Ando sentindo falta de mim, preciso confessar. O cotidiano, repleto de obrigações, horários e tarefas a cumprir, tem por vezes o impacto de um rolo compressor. No último fim de semana, durante breve visita a uma livraria, me dei conta de que há tantos livros que gostaria de ler, mas a constatação de que não sobra mais tempo para nada desanima um bocado. Até mesmo meus impulsos consumistas se renderam e saí da loja com as mãos vazias – e o coração apertado, embora o bolso agradeça. Não sou mais o mesmo.
Há algo de muito errado quando sobra pouco, ou nenhum tempo, para nós mesmos. E não há quem me convença do contrário. O tão debatido ócio criativo, que os italianos também batizaram de dolce far niente, por muito tempo me pareceu uma desculpa tão poética quanto esfarrapada para fugir das obrigações. Mas, à medida em que o tempo avança, percebo que o fazer precisa ter uma relação mais equilibrada com o ser. Viver para trabalhar é uma armadilha da qual fugir pode ser um desafio.

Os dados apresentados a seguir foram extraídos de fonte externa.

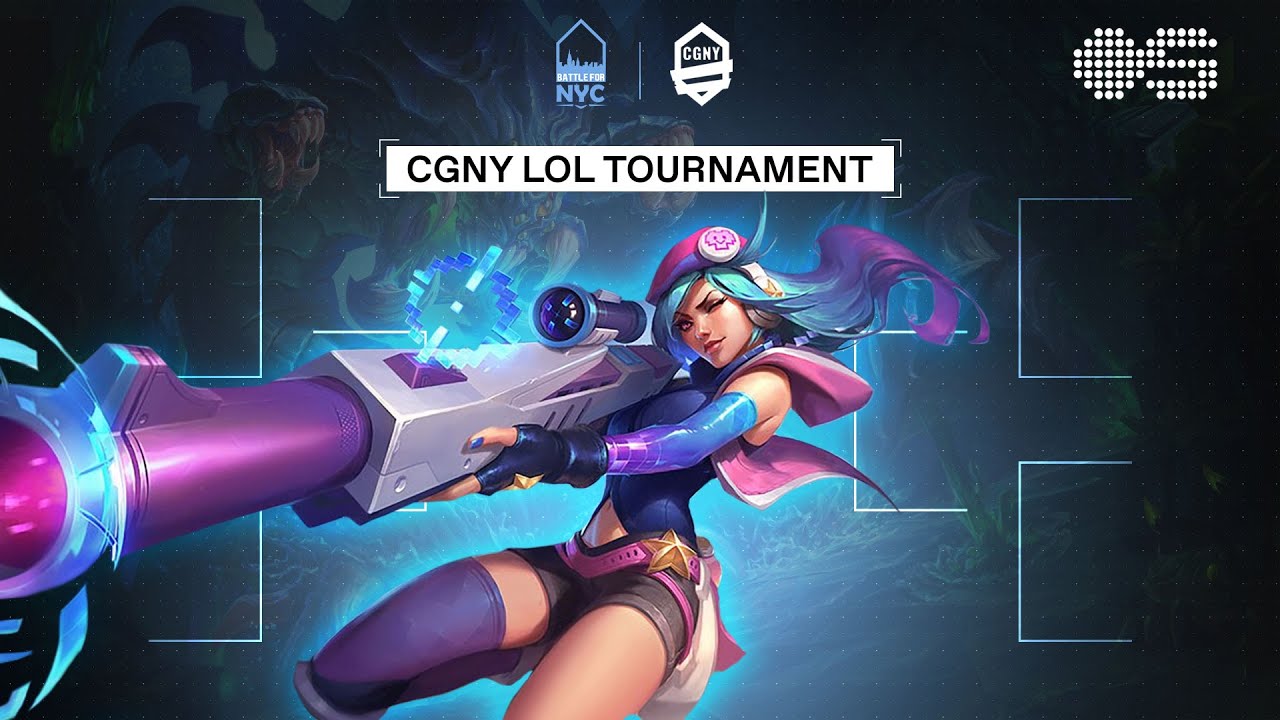 CGNY Battle for NYC $1000 League of Legends Tournament | Operating System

Ando sentindo falta de mim, preciso confessar. O cotidiano, repleto de obrigações, horários e tarefas a cumprir, tem por vezes o impacto de um rolo compressor.

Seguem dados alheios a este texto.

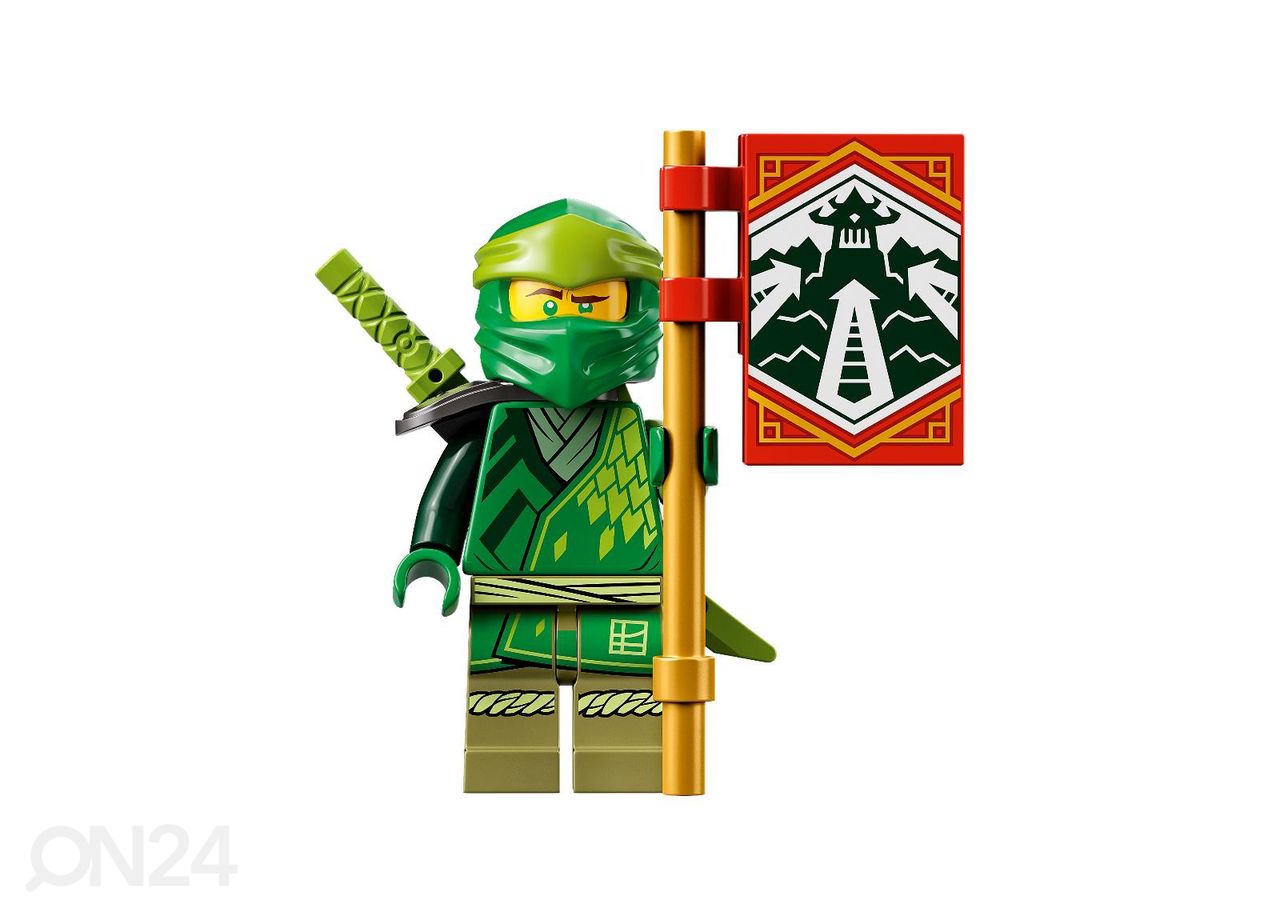 LEGO Ninjago Lloydi võidusõiduauto EVO suurendatud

Tenho consciência de que a demanda por mais tempo pode soar como uma reivindicação até certo ponto fútil, de quem teve, como eu, o privilégio de estudar e escolher atividades profissionais das quais não apenas gosto, mas que me trazem muita satisfação pessoal. Mas fato é que, até mesmo nos fins de semana, período teoricamente destinado ao descanso e à vida privada, muitas horas se transformam em trabalho.
Não fosse a certeza de que muito do que faço me traz também prazer, eu estaria sentado à beira de um precipício, como, provavelmente, um punhado de gente por aí, que não tem essa sorte. Penso apenas que está mais do que na hora de puxar o freio e reduzir a velocidade para apreciar a paisagem, observar os detalhes de um caminho de uma mão só. Viver não cabe no currículo, mas é essencial. antes que seja tarde.